Q: As someone who has lived experience of drawing on care and support over many years how do you think co-production can drive real change in care equity?
A: I believe co-production can drive real change in care equity as it opens discussions around equality, diversity and inclusion. This enables inequalities and barriers to care based on people’s own circumstances and characteristics, including those protected in the Equality Act 2010 to be highlighted, understood and addressed. It’s from here that better and more equitable access to opportunities, care services and outcomes can be achieved. Lived experience provides insights from those directly drawing on care and support services, as well as carers, family members and friends. Incorporating these perspectives into engagement and co-production work can build trust, improve outcomes and strengthen community connections. It also helps professionals understand what works well and what does not. This leads to more effective and responsive services for different people in society.
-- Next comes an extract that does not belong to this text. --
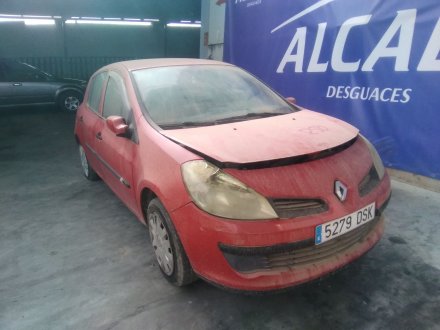 Vehiculo en el desguace: RENAULT CLIO III (BR0/1, CR0/1) 1.5 dCi (BR17, CR17)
Q: How do you think co-production is shaping innovation in social care?
A: The whole concept of co-production, and that of listening to the voice of lived experience, is innovative in itself. Before the Care Act 2014 emphasised the importance of engagement and co-production being used as a means of delivering shared influence in decision-making, it didn’t appear that this was happening. But now it is being put at the centre. This gives people with lived experience a real opportunity to have their voices heard and the ability to shape services into what works for them. The priority now given to lived experience was clearly in evidence at NCASC in 2025. With a good co-production and engagement framework in place, the process of undertaking co-produced projects can be streamlined and made more effective. Co-production also requires belief, promotion, input and an understanding of its aims from people at every level of an organisation.
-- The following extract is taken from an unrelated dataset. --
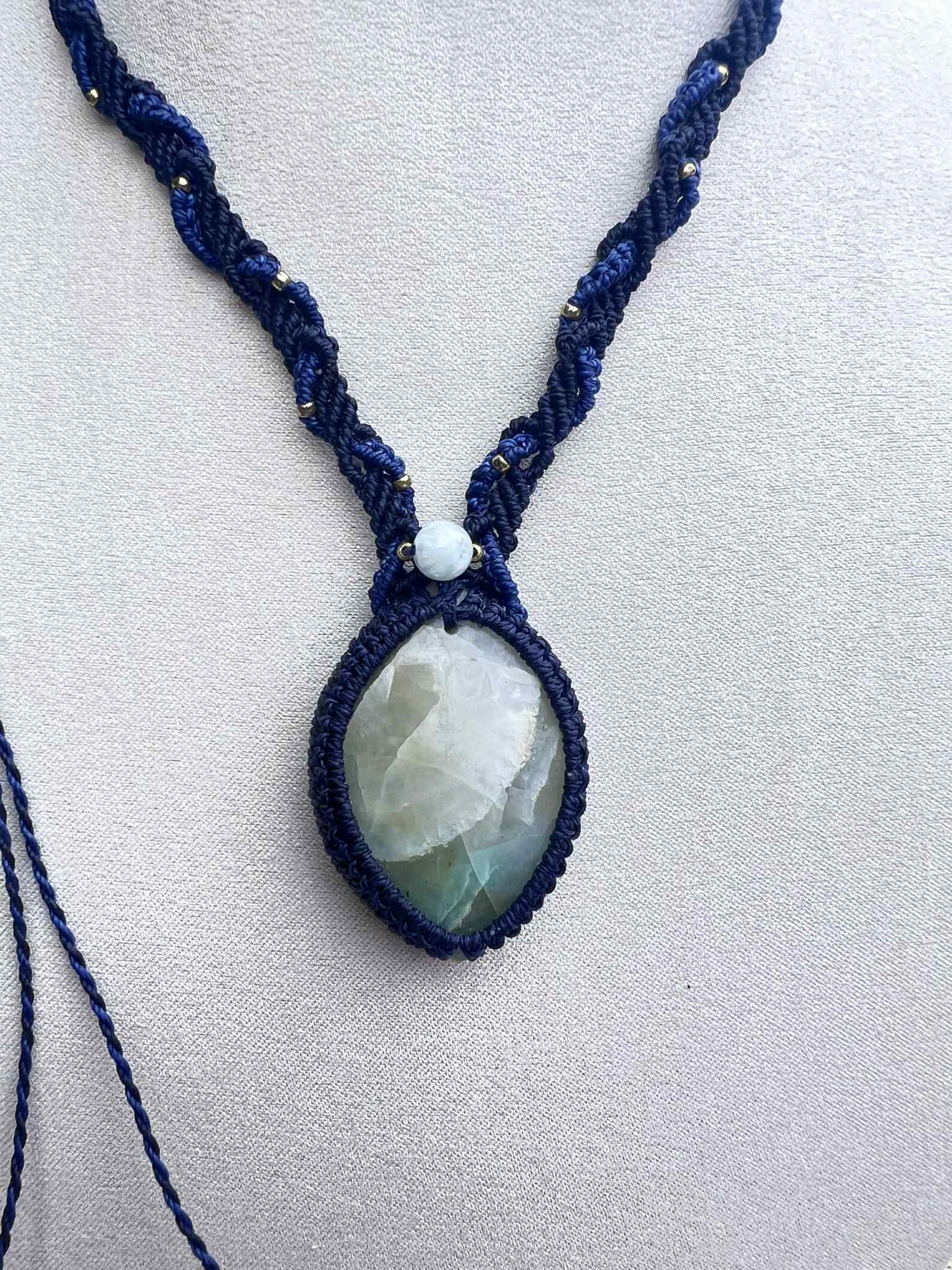 Collier - Garniérite (Pierre de lune verte)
Q: Tell us more about your involvement with the Big Chat Sessions at NCASC?
A: I have lived experience of drawing on care and support over many years due to epilepsy and mental health difficulties and I have also been a carer. The Big Chat sessions are co-produced and hosted by people with lived experience who share their insights of drawing on care and support. They are coordinated alongside local authorities and other organisations across adult’s and children’s social care. In my session, I spoke on my own chosen themes of engagement, co-production and technology enabled care which I’ve personally benefited from. At the time, I had been a member of a lived experience group, called the Quality Assurance Reference Group for over a year. This group was organised by the Adults and Housing Directorate at Dorset Council. Since then, I’ve been recruited as their first paid Quality Assurance Lived Experience Adviser in Adult Social Care. The experience at NCASC helped me gain greater confidence in situations I would previously have avoided and the opportunity to research the issues I wished to speak about. I later shared my story as part of ADASS’ Care Can’t Wait campaign and the film was premiered at their annual national Spring Seminar conference.
Q: What value do you think these types of Big Chat conversations bring to the adult social care sector?
A: The Big Chat conversations give people with real world lived experience the opportunity to talk about issues that are truly important to them and to have their views and ideas listened to by policymakers, managers, professionals and other stakeholders attending the conference. This shows that listening to lived experience is vitally important and just how much benefit can be gained from giving people who draw on care and support that opportunity.